Tout d’abord, le travail pictural de Koko Komégné porte cette obsession de la construction asymétrique en laquelle s’insinuent de multiples figures géométriques. Effets fantaisistes ? Non, car il y a toujours dans ces lignes de construction, une quête de l’équilibre si tant est que l’équilibre est la neutralisation des forces antithétiques. Cette quête, s’illustre par des lignes et des figures que l’on peut interpréter comme autant de lignes de forces qui tracent l’orbite d’un mouvement intérieur, mais aussi comme des marquages d’une parole graphique qui se dévoile dans un halo d’énigmes.

Les divorcés représente un concentré de cette démarche esthétique, où l’on assiste à un foisonnement de couleurs qui révèle la prédilection de Koko komégné pour les couleurs vives. Assurément c’est un passionné, attiré par des ambiances chaudes et sensible aux turpitudes qui troublent l’homme, le déchire.

Le portrait qui se prête à la présente analyse, se brouille avec l’image que suggèrerait le titre ! D’emblée, l’on s’attendrait à voir deux personnages. La diversion optique nous mène à un personnage, sans doute androgyne. Le thème de l’androgynie originelle guide cette méditation picturale qui nous raconte la séparation générique qui s’opère en chaque individu pour définir son identité sexuelle : premier divorce. Ensuite la survivance de cette androgynie qui se vit comme un manque et se manifeste par la cohabitation des principes mâle et femelle. Laquelle nous accompagne notre vie durant et sans doute, constitue le moteur de notre attrait pour le sexe opposé. La fusion entre les deux reconstituerait cette androgynie originelle. L’autre degré du divorce intervient à la suite d’une rupture amoureuse dont les effets se prolongent au plus profond de nos composantes intrinsèques.


Le talent de Koko, c’est de restituer de manière picturale, les mouvements de la vie en construisant une image parcourue de lignes où l’on distingue aisément la part femelle côtoyant la part mâle. Les contrastes de couleurs participent de la même idée y compris les mouvements ascendants et descendants, l’orientation et la consistance du regard de chaque œil, le positionnement des oreilles …

 Le talent de Koko, c’est de restituer de manière picturale, les mouvements de la vie en construisant une image parcourue de lignes où l’on distingue aisément la part femelle côtoyant la part mâle. Les contrastes de couleurs participent de la même idée y compris les mouvements ascendants et descendants, l’orientation et la consistance du regard de chaque œil, le positionnement des oreilles, … tous ces détails s’inscrivent dans une dialectique de l’antithétisme où, les écarts idéels tout en suggérant la séparation, composent un corps. Il réhabilite par ce procédé de cognition, la pensée africaine qui s’organise en composant un discours où les contraires cohabitent allégrement. L’esthétique de Koko Komégné est assise sur la résurgence du passé africain qu’il se réapproprie par la réactualisation des thèmes et du traitement des formes avec le souci central de les cadrer dans la contemporanéité.

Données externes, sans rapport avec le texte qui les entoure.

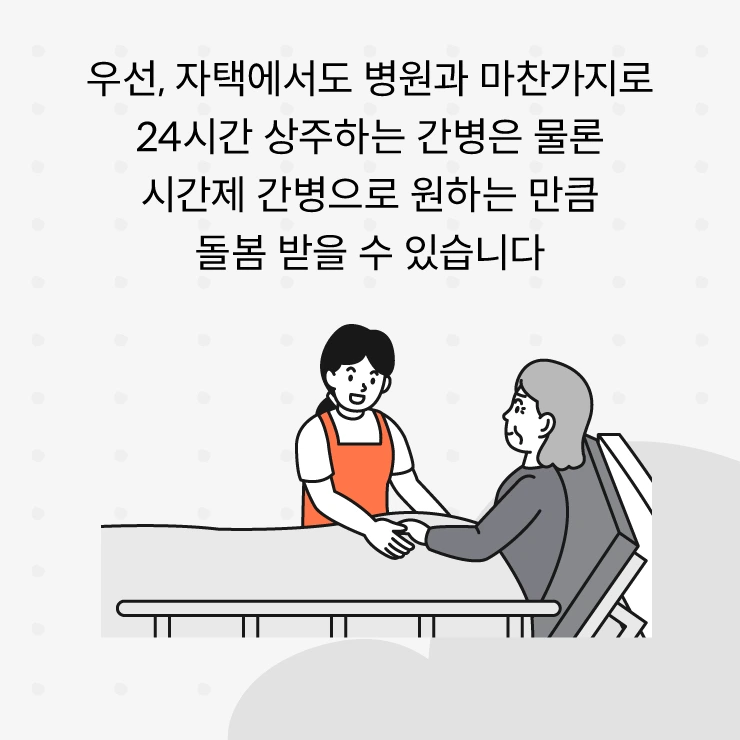 %EA%B6%81%EA%B8%88%ED%95%B4%EC%9A%94_%EC%BC%80%EC%96%B4%EB%8B%A5_56_3.png?type=w1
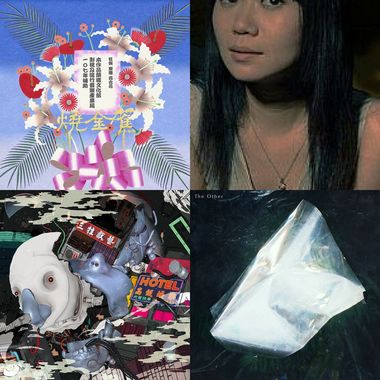 奇怪的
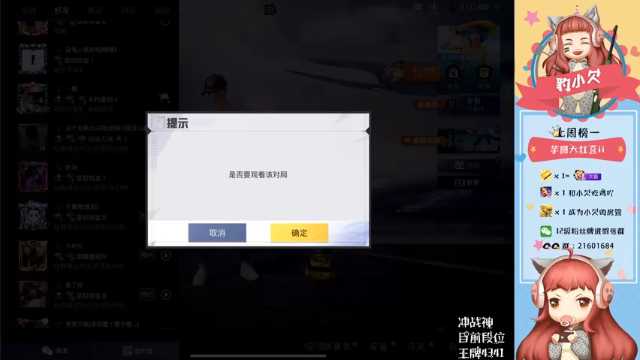 【2021-07-03 02点场】豹小欠：⚡无车队女战神。冲冲冲⚡
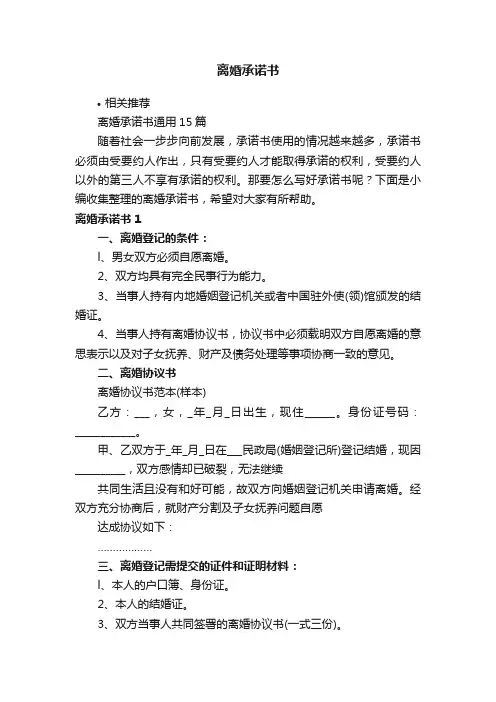离婚承诺书
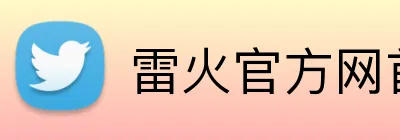 雷火官方网首页 logo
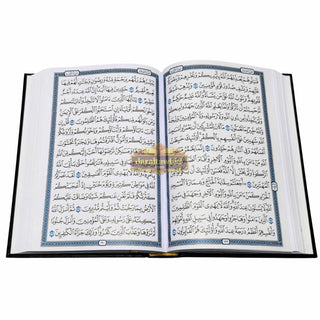 Al Quran Al Kareem Arabic Only Utmani Script (Medium Size) Color Choice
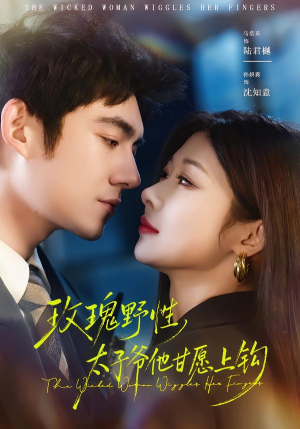 【玫瑰野性，太子爷他甘愿上钩】82集短剧免费在线尽情看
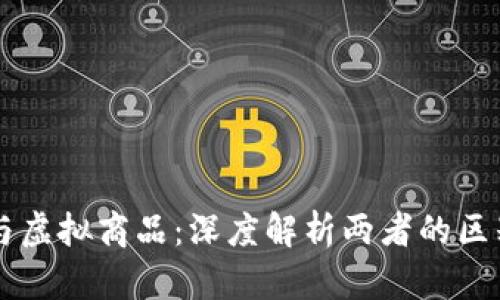 比特币与虚拟商品：深度解析两者的区别与联系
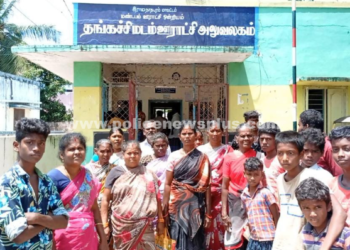 சாலை வசதி தர ஊராட்சி அலுவலகம் முற்றுகை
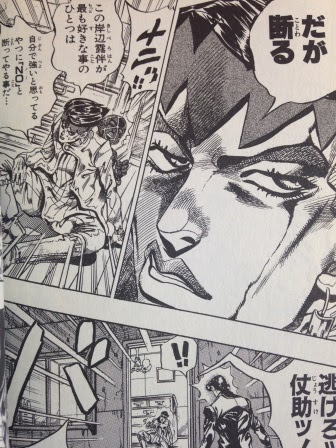 ジョジョの奇妙な冒険 第41巻 ハイウェイ スター Nk Library プロファイリング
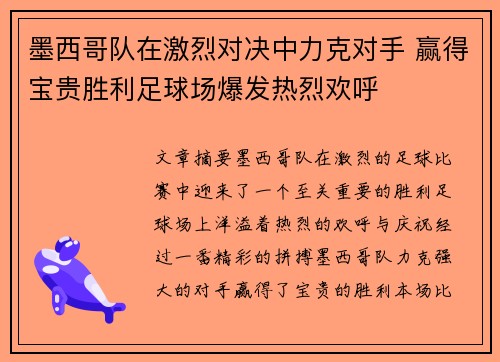 墨西哥队在激烈对决中力克对手 赢得宝贵胜利足球场爆发热烈欢呼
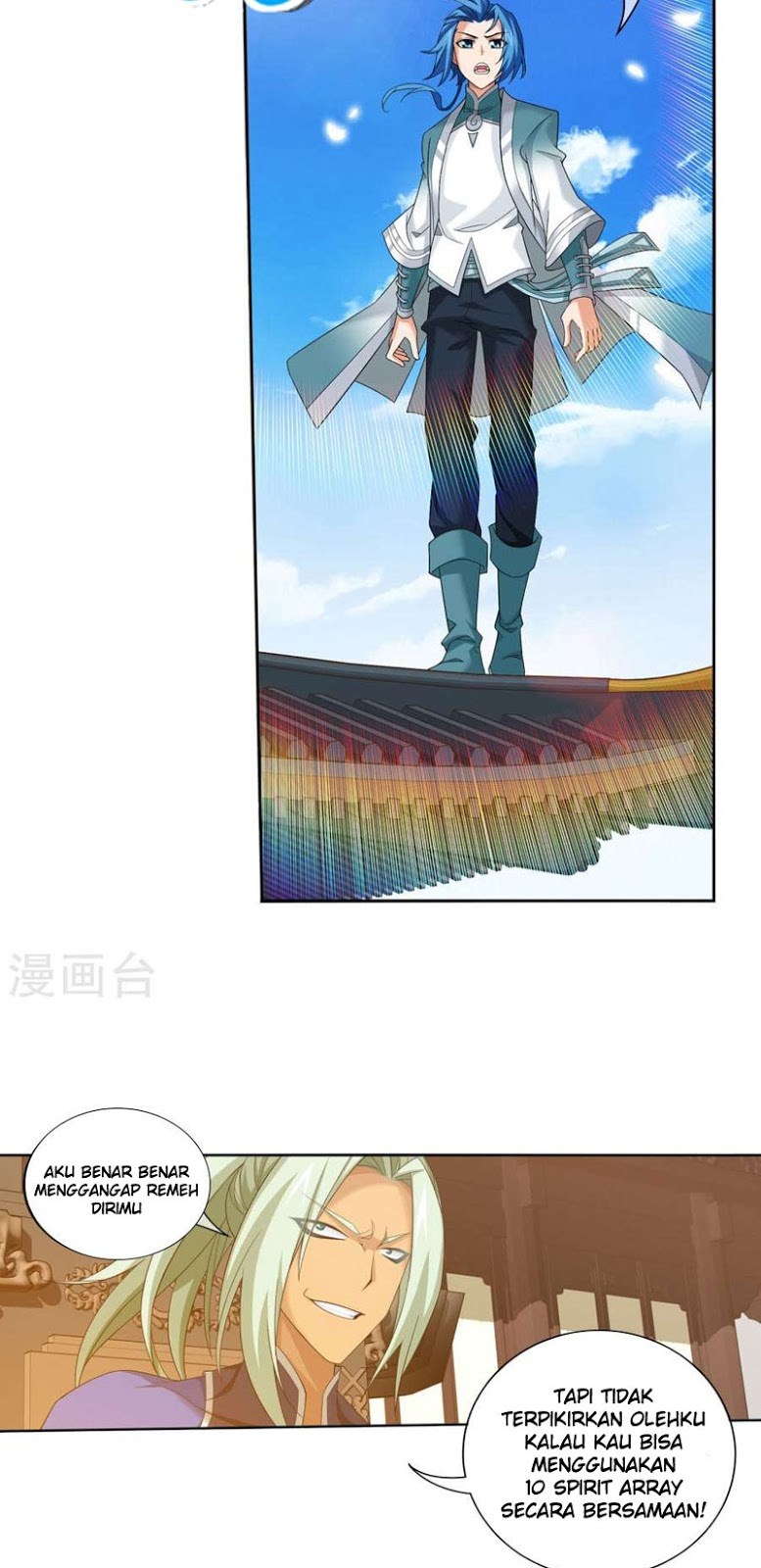 The Great Ruler Chapter 122 Gambar 24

La peinture révèle ses latitudes originelles et les passions qui le traversent. Elle dévoile une palette variée truffée des couleurs chaudes qu’atténuent des tons sombres. Quoique passionnée, elle diffuse une ambiance douce nimbée de paix.

 Les divorcés dont «La mémoire perdue» semble le pendant en relief de cette méditation, révèle la rupture ontologique qui caractérise l’africain actuel si l’on se fie à la texture du trait qui en définit les contours. Ces lignes fines et lisses qui disent la solitude et la fragilité de l’homme, doivent plier et non rompre pour former des chevrons (sinusoïdes) afin de constituer des zones d’accrochage si tant est que, l’emboîtement des chevrons, préfigure l’union de la force et de la faiblesse, du mâle avec la femelle pour qu’advienne et prospère la vie.